Provide support in drreg to spill something other than GPRs, cross-app instructions.

hgreving2304 commented 5 years ago

Specifically currently hitting this issue is #2985. The case needs some capability to spill - in this case - xmm and a mask register value, cross-app instruction (hence mcontext can not be used). This issue covers providing a method to spill into the TLS data that drreg already has, managed by drmgr.

Interface TBD:

Specifically allow for reserving xmm and mask registers? Also needs an unreserve method.: drreg_reserve_xmm_register() + drreg_reserve_mask_register()?

_Instructing drreg to spill arbitrary number of bytes from opnd_t, or opnd_size_in_bytes() of opndt? Also needs a restore method.: drreg_reserve_spill_bytes()?

Other ideas?

Case #2985 needs this cross-app, hence no automatic management is needed. Should new API be written to provide automatic spill/restore management when called from insertion phase?

johnfxgalea commented 5 years ago

I already implemented this functionality but haven't yet cleaned it up for a PR. I can handle this issue, should you wish (depending on urgency), but I only have some time during the weekend.

hgreving2304 commented 5 years ago

Always great to have contributions like that. We do need it rather sooner than later. Are you able to share what you have, maybe sneak-peek style, so we could evaluate if that's what we want and we go from there?

johnfxgalea commented 5 years ago

An old version is available publicly here. My private fork which I use for my PhD has bug fixes and improved performance. I'll try and get a branch in during the weekend.

hgreving2304 commented 5 years ago

Ok. We also need to be able to spill sth other than xmm. For example specifically, AVX-512 mask registers (k0, k1, ... k7). Maybe consider having API that is able to spill an arbitrary register opnd_t? I am assigning this issue to you for now.

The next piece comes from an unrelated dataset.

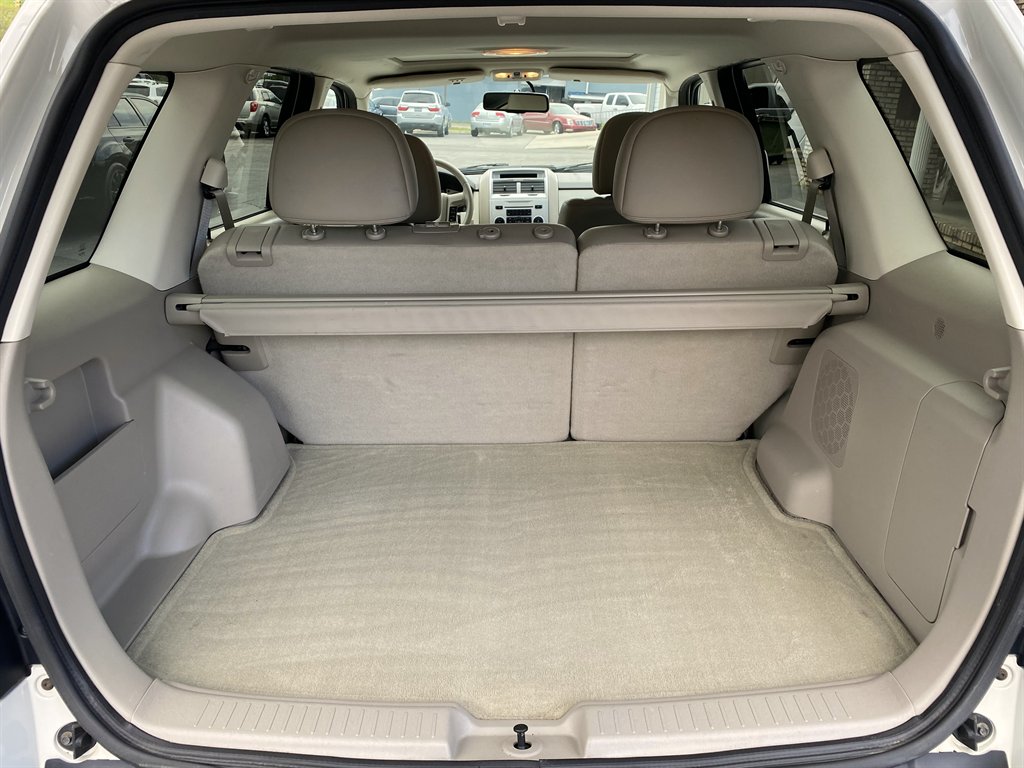2010 Mercury Mariner Premier V6 photo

johnfxgalea commented 5 years ago

Hello @hgreving2304 - I created a branch with drreg capable of spilling and restoring XMM registers. Shall we take a step-by-step approach and focus on getting the branch merged and then see what your needs are specifically? If so, I'll include tests now before any further API changes. Uploading once tests are done.

johnfxgalea commented 5 years ago

Pushed the branch now.

hgreving2304 commented 5 years ago

Hi can I look at the branch somewhere? Didn't see. The problem with making this specific to xmm is that I was hoping we can somehow make it more general. Not sure if that's the best approach but have you thought about that in your design?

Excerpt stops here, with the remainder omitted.